De no estar presente una crisis sanitaria, el ingeniero comercial debería presentarse a firmar semanalmente al centro de reinserción emplazado en calle Tocornal en Santiago Centro, requerimiento que sería retomado a partir de junio.

Vida en libertad

“Está feliz porque obtuvo su libertad condicional conforme a lo que establece la ley. No hay nada especial respecto de él y pudo adquirir el beneficio como cualquier condenado”, señaló al matutino su abogada, Linda Catalán.

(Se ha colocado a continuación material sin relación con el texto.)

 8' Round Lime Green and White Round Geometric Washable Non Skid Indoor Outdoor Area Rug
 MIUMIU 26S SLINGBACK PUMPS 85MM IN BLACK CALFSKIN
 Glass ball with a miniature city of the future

Consultada sobre qué hará de su vida ahora que se encuentra libre, la abogada explicó que busca retomar su vida familiar con su hijo y su pareja, “poder trabajar, ya tiene una oferta de trabajo de un amigo, y terminar de escribir un libro que había comenzado estando privado de libertad. Él ahora quiere estar tranquilo, alejarse de los medios, quiere ver si puede resolver su situación de vida”.

Estudio

Según señaló su abogada en un escrito que buscaba revertir el rechazo de la Comisión de Libertad Condicional, en el tiempo que estuvo en prisión, Garay se mantuvo en “constante estudio y trabajo para terminar su doctorado, ingresando libros de estudio y preparando su tesis doctoral”.

Además, en dicho documento contó que ha estado escribiendo un libro, “cuya venta pretende destinar a la reparación de las víctimas de su delito, y tiene una oferta seria de trabajo, la que se haría efectiva al obtener el beneficio”, escribía su defensora en aquella ocasión.

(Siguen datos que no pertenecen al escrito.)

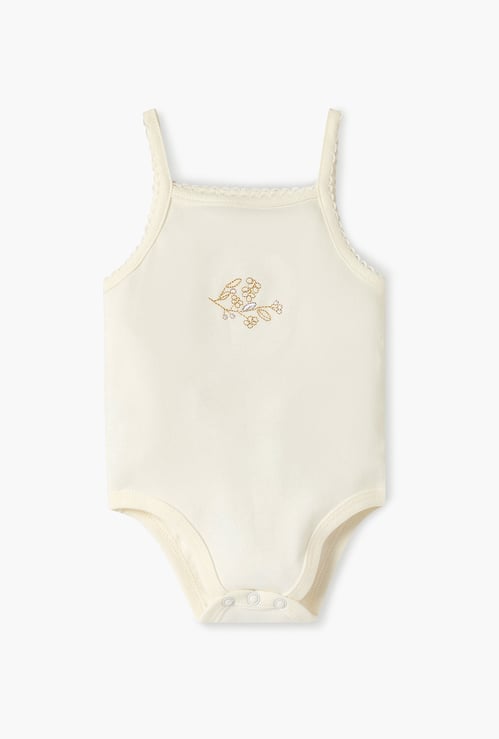 Giggles Embroidered Strappy Bodysuit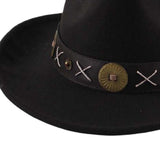 Maxbell Cowboy Hat Wide Brim Casual Cowgirl Hat for Men Autumn Costume Accessories Black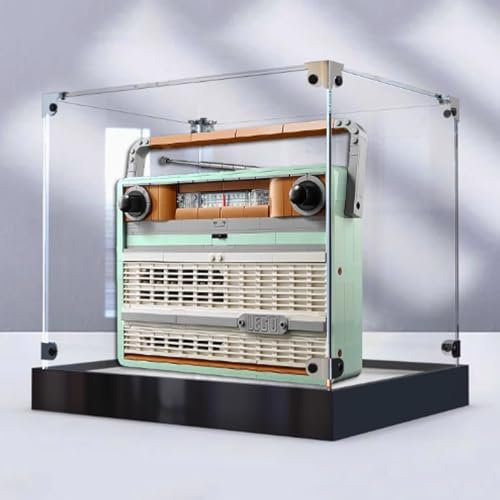 Espositore in acrilico per Lego 10334 modello radio vintage, scatola trasparente antipolvere, compatibile con kit di costruzione Lego 10334 (modello non incluso) (base nera satinata)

El texto agrega que Garay cuenta con una red de apoyo. Mientras estaba en prisión, fue regularmente visitado por su pareja y su hijo de 3 años: “Su grupo familiar arrienda un departamento, lugar al que llegaría de obtener el beneficio”, consigna el documento.

En dicho texto, se recalca que además de su familia nuclear, cuenta con el apoyo de la familia extendida, y se sostiene que constituyen referentes prosociales, al nunca haber tenido estos una vinculación delictual.

“También es importante mencionar que la pareja del amparado es enfermera y trabaja (…), lo que obviamente indica que se trata de una persona que cuenta con herramientas adecuadas para constituir un apoyo para el amparado”, indica.